Facts about China: SUPERSTITIONS

China Mike’s 100% verified, no B.S. China facts (interesting & fun statistics):


More than 1 in 3 Chinese people believe in fortune telling.
[ Chicago Tribune “As China hurtles forward, fortune tellers point way” Oct. 4, 2007; Xinhua news “Chinese Scientists are Against Fortune Telling” ]

Chinese fortune teller in Hong Kong's Temple Street


In 2007, Chinese mothers stampeded maternity wards during the “Year of the Golden Pig”, considered an auspicious year that is also associated with fertility. 2007 was the first year in six decades that the “Year of the Pig” was astrologically associated with “gold”, which supposedly “double blesses” new babies.
[ The New York Times “An Asian Baby Boom, in the Year of the Pig” Sept. 3, 2008; The Telegraph UK “Chinese wards buckle under baby boom”]



The number 4 is the unluckiest Chinese number because it sounds like the word for “death”. Many buildings in China don’t have a 4th floor; some skip any floors with the number, such as 14, 24, 34 and all 40–49 floors.
[ Wikipedia “Numbers in Chinese culture” ]


The number 8 is the luckiest Chinese number because it sounds like the word for “wealth”. 88 is considered particularly lucky because it symbolized the “double happiness” characters.
[ Wikipedia “Numbers in Chinese culture” ]

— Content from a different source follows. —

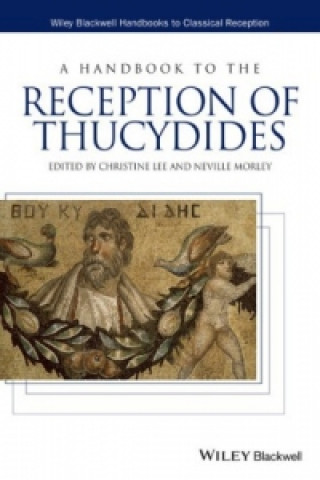 Kniha Handbook to the Reception of Thucydides Christine Lee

The Beijing Olympic opening ceremony started exactly at 8 seconds and 8 minutes past 8pm on August 8, 2008.
[ Wikipedia “Numbers in Chinese culture” ]



9,000 Chinese couples got married on August 8, 2008 in Beijing, more than doubling the previous single-day marriage record.
[ USA Today “9,000 Chinese couples to wed on lucky date” Aug. 5, 2008 ]



At a 2010 government auction, a car license plate featuring the lucky number 8 was sold for a record-breaking 1.314 million yuan (US$197,540).The plate — A8888Q — was reportedly worth more than the bidding winner’s imported luxury car.
[Want China Times “Lucky Number Plate Sells for 1.3m Yuan in Guangzhou” Oct. 22, 2010 ]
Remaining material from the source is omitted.